Sarah Brayer is American artist based in Kyoto, Japan. She is internationally known for her large-scale, poured washi paperworks and aquatint prints. In 2013 Japan’s Ministry of Culture awarded Sarah its Commissioner’s Award, Bunkacho Chokan Hyosho for international dissemination of Japanese culture through her unique creations in Echizen washi.
Sarah’s art is in the collections of the British Museum, the Sackler Gallery of the Smithsonian, the New York Public Library and the American Embassy, Tokyo. She has been honored in Japan by being the first artist ever, to exhibit her washi paperworks at Byodoin Temple, a World Heritage site dating from the Heian period, as part of Kyoto’s 1200 yr. celebration (1992). In 2012 Brayer was invited to speak about her Luminosity series in Japanese paper at TED in Tokyo. Sarah was named the first foreign woman cover artist for the 2007 CWAJ Contemporary Print Show in Tokyo.
Drawn to Japanese art through raku-style ceramics and the aquatints of Mary Cassatt, the Rochester, New York native embarked on printmaking in London in 1978. The following year she received her B.A. in Art cum laude from Connecticut College and within months left on a backpacking journey to Japan. Becoming entranced by Kyoto, she studied Japanese woodblock printing with Toshi Yoshida (1911-1996) the son of artist Hiroshi Yoshida, before concentrating on aquatint as her preferred medium.

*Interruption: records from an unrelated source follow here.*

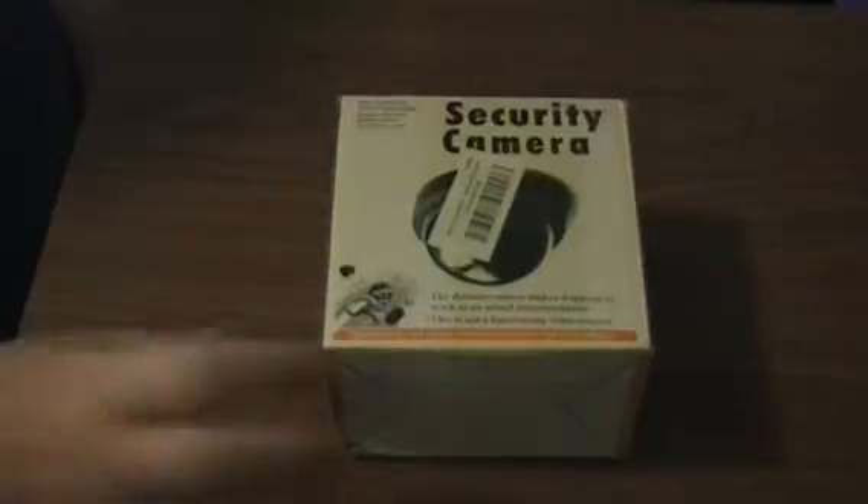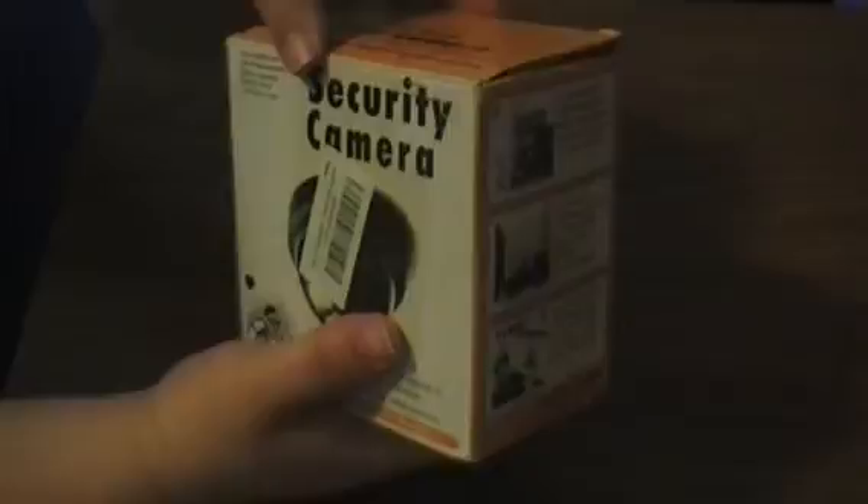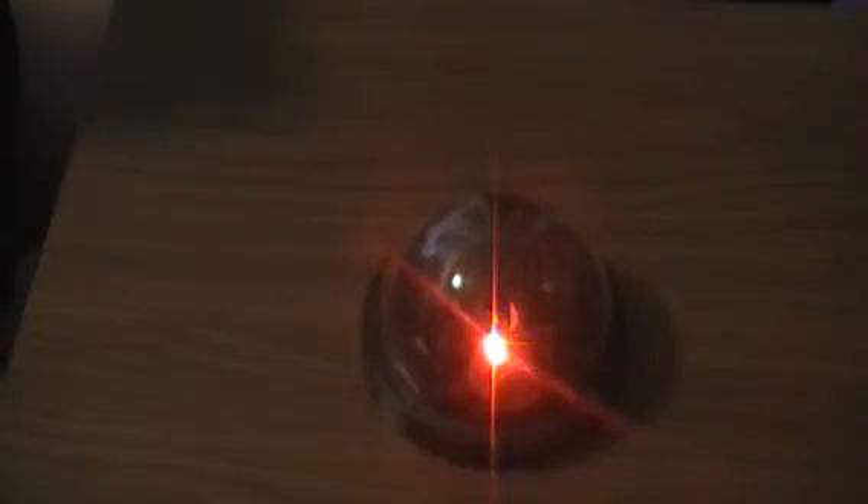It shows you what to do with it and gives you its features on the back. It takes two double-A batteries, which aren't included but are easy to find. Once you put them in, you can see it's already blinking — looks like a very nice real security camera. This one is unique because it's actually motion activated, so if someone sneaks into your garage, it'll automatically turn on. It's on right now because I've been moving around a lot.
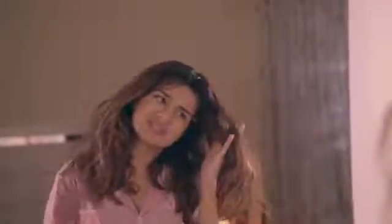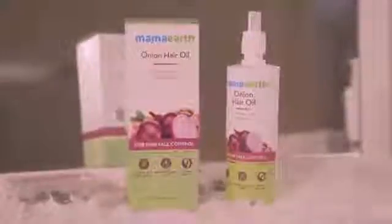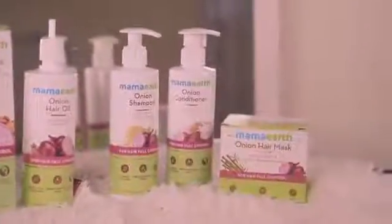Lately I have had many shoots and my damaged and coloured hair has been through so many products. I would like to share with you all one product that I have been using for many years now, which is the Mama Earth Onion Hair Oil. This product has been showing great results on my hair. All Mama Earth products are free of harmful chemicals and are made with natural ingredients.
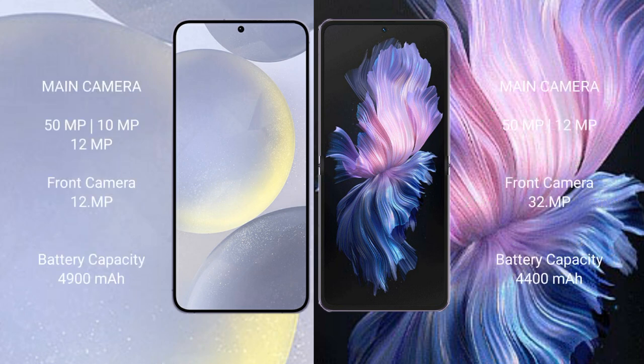Samsung Galaxy S24 Plus features a triple rear camera setup: 50MP main, 10MP, and 12MP, with a 12MP front camera. Vivo X Flip features a dual rear camera setup: 50MP main and 12MP, with a 32MP front camera.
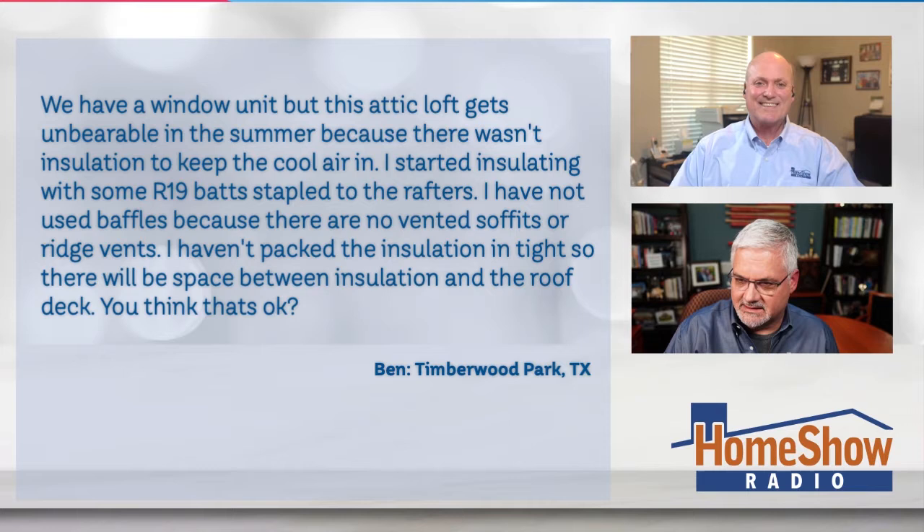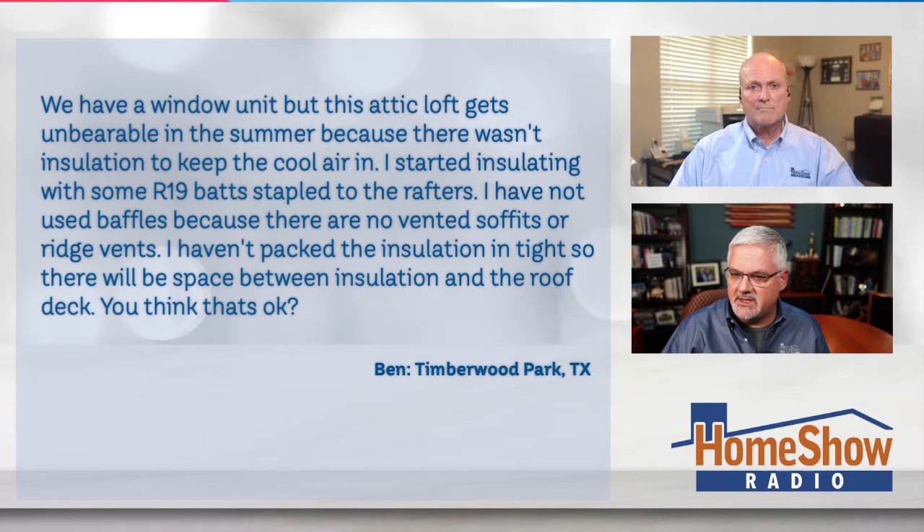Ben writes: we have a window unit up there but it gets unbearably hot in the summertime because there isn't enough insulation to keep the air cool. I started insulating with R19 batts stapled to the rafters. I've not used baffles because there are no vented soffits or ridge vents, and I haven't packed the insulation in tight so there will be space between the insulation and the roof deck.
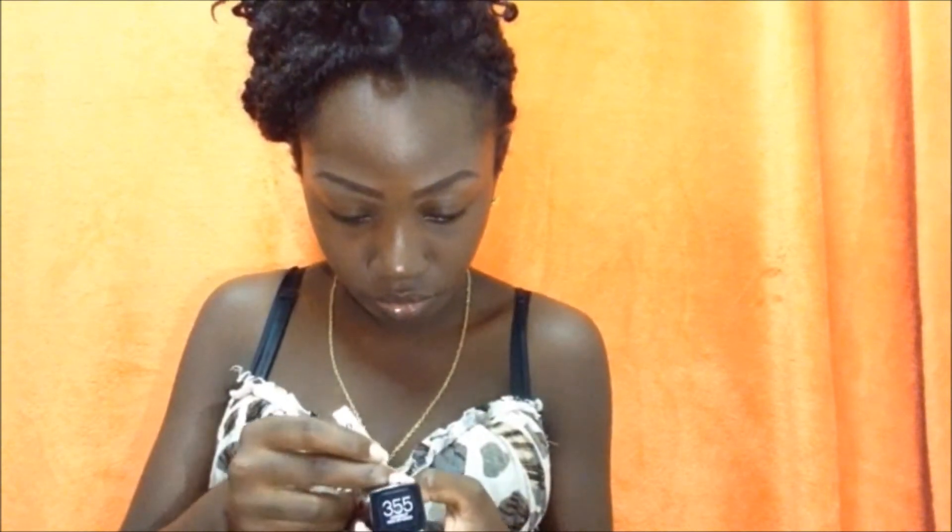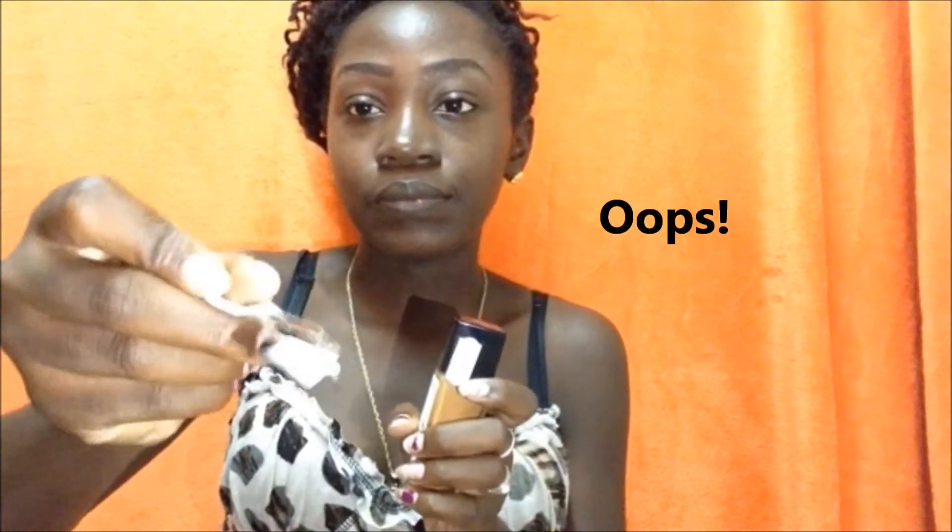I already moisturized my skin and did my eyebrows, so I'm gonna jump straight in and open up the foundation. I already know this foundation doesn't have a pump, which I really wish it had — it would be much easier. But I'm just gonna put it on top of my palette, my Amuse palette.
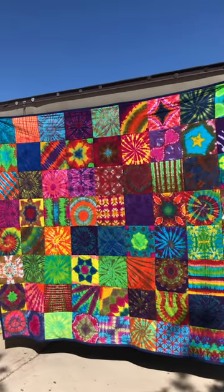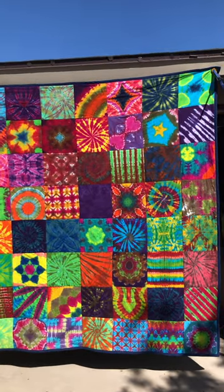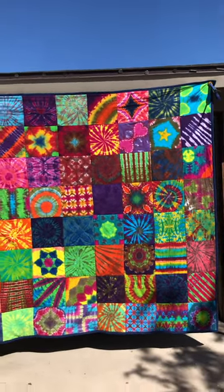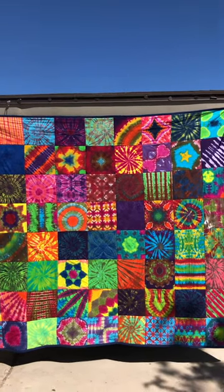And mention the pillow shams to match — she also made us a set of matching pillow shams. I'm not sure where they're at; I think they're in the house right now. This was 105 squares.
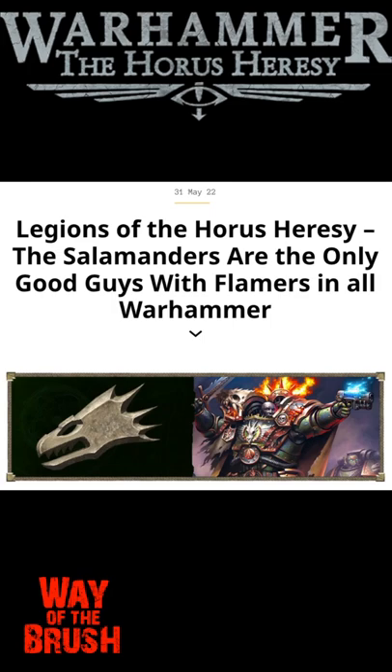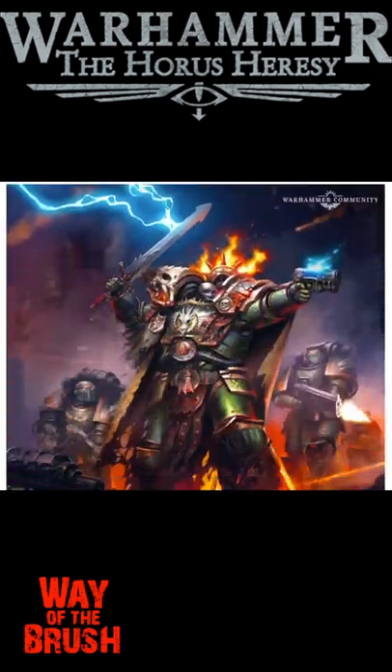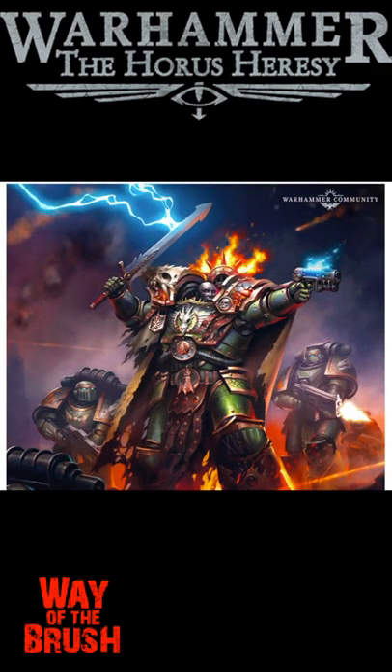Today on the Warhammer Community we are getting another legion summary for Horus Heresy — today it is the 18th Legion, the Salamanders. It's got plenty of pretty pictures. I like this one actually, it's pretty cool. He's doing the whole He-Man thing with his plasma gun.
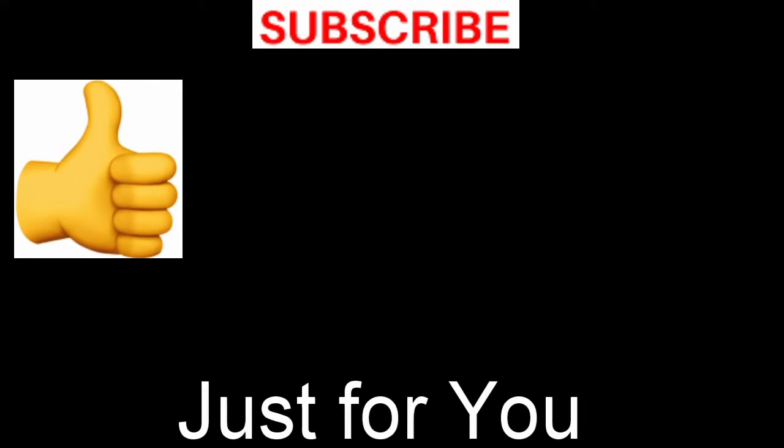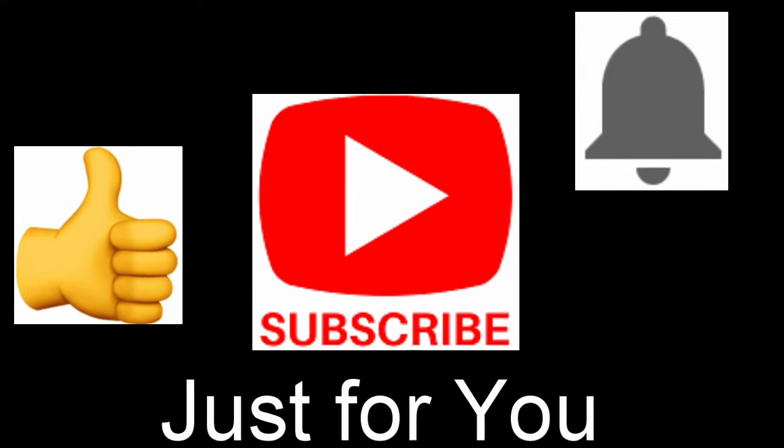If you liked the video please give me a thumbs up, don't forget to subscribe to my channel, and hit the bell notification.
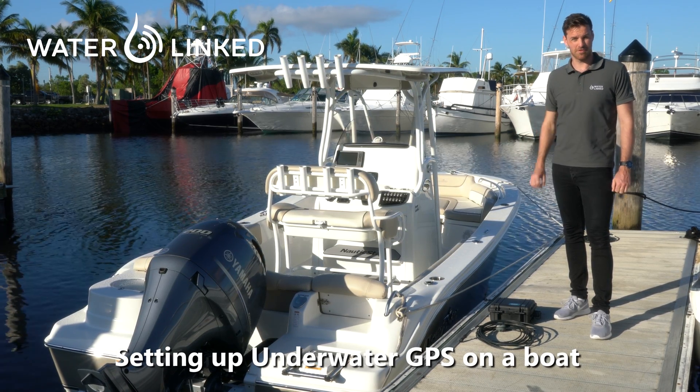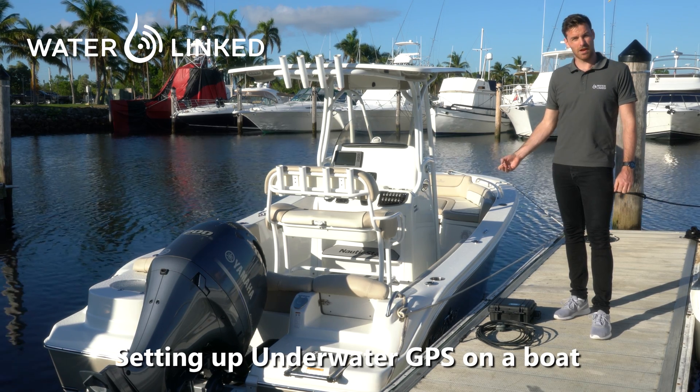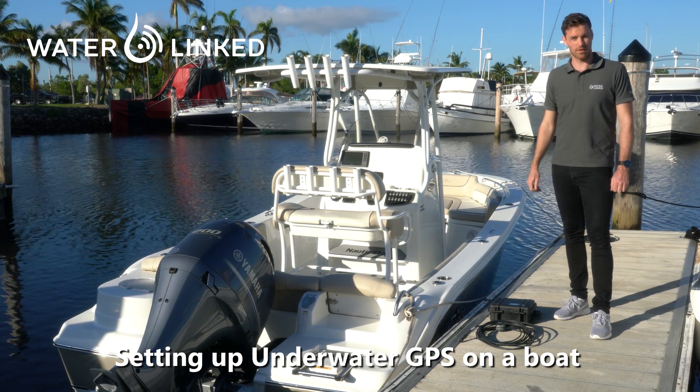Here we are going to show how to pre-mount the system on a boat before going on a mission. This helps a lot when you arrive at the area where you are going to do the operation, because the only thing you need to do is drop the receivers into the water.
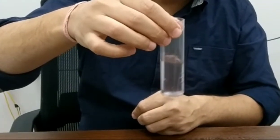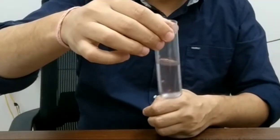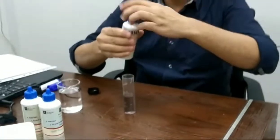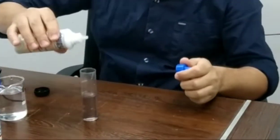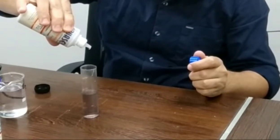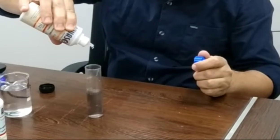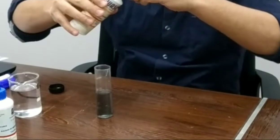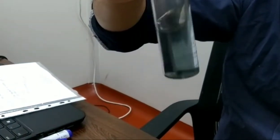Now we are going to add the second reagent, TH2. TH2 is in liquid form and we have to add it drop-wise. It is recommended to add 10 to 12 drops of this reagent in the sample. After addition of 10 to 12 drops, the color changes from clear to blue. This means there is no hardness in the water. If the color changes to pink, that means there is hardness in the water.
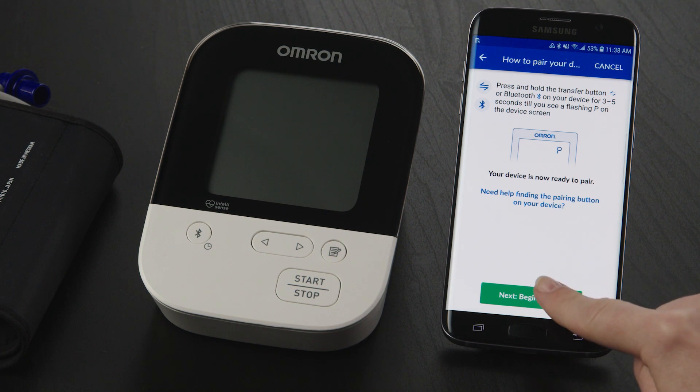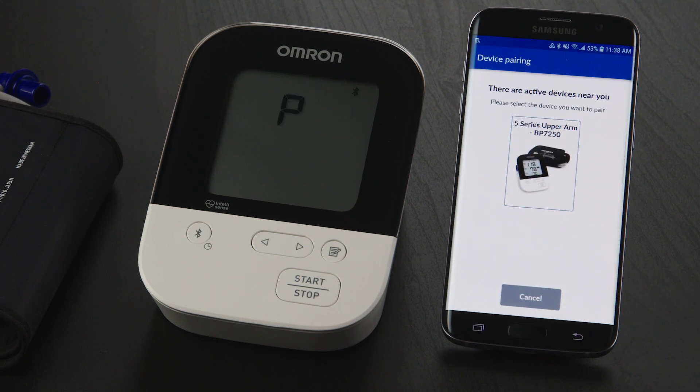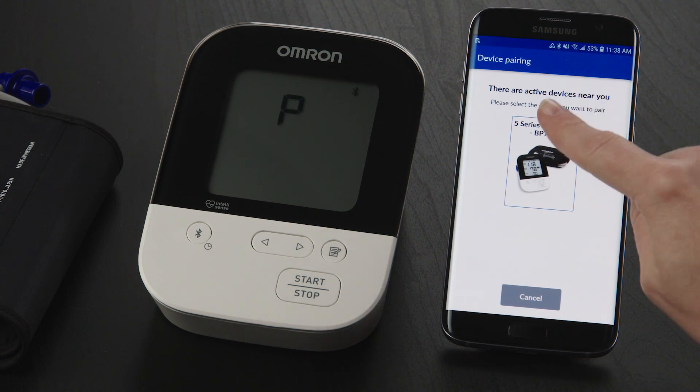Return to your phone and tap the Next Begin Pairing button. You may see a location prompt. If you do, simply tap OK and then select While Using the App. If you don't see a prompt, you may need to give location permission in your phone settings. On the next screen, tap on the photo of your Omron device.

She had her first exhibition in Kyoto in 1982, and has continued to show in Japan, Hong Kong, USA, and Europe. In 1986 she opened her studio in an old kimono weaving loft in northern Kyoto, near the gate of Daitokuji Zen temple.
Sarah first encountered poured washi paperworks-the technique she soon adopted as her own-during a visit to Dieu Donne paper studio in New York City in 1986. This painterly, and somewhat unpredictable technique seemed a perfect blend of chance and design, led her to search out the ancient Japanese paper center of Imadate, Echizen as the place to make large-scale poured-paper images. She has created her art there continuously since 1986, as the only western artist to do so. She is assisted by a team of master women papermakers who assist her in moving the large screens which are essential tools in her large-scale works.
Currently residing in northern Kyoto, Sarah divides her working time among Kyoto, Imadate, and New York City.